[Captioned web image data]
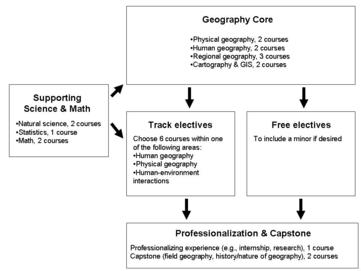 Curriculum diagram for TAMU Geography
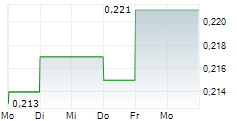 CANASIA ENERGY CORP 5-Tage-Chart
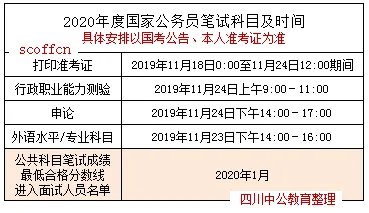 2020国家公务员面试时间是什么时候?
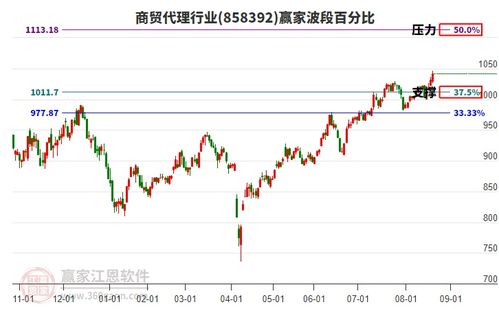 商貿代理行業主力資金流出破位，電子產品互聯網銷售面臨挑戰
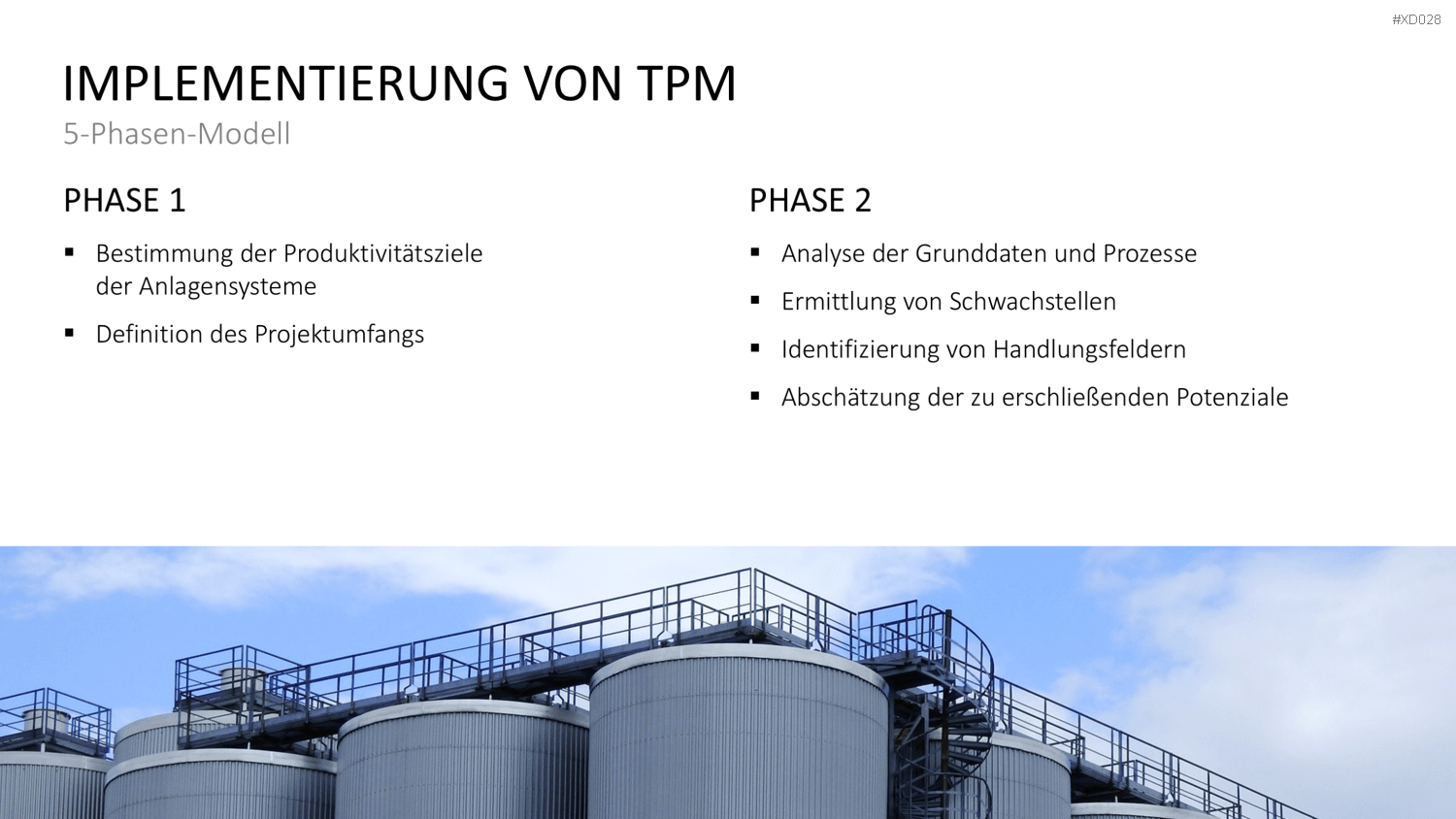 5S-TPM-Bundle PowerPoint-Vorlage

What this task involves
The lines above must be transcribed exactly, with every picture left out.

Answer to this problem
 Curriculum diagram for TAMU Geography
 CANASIA ENERGY CORP 5-Tage-Chart
 2020国家公务员面试时间是什么时候?
 商貿代理行業主力資金流出破位，電子產品互聯網銷售面臨挑戰
 5S-TPM-Bundle PowerPoint-Vorlage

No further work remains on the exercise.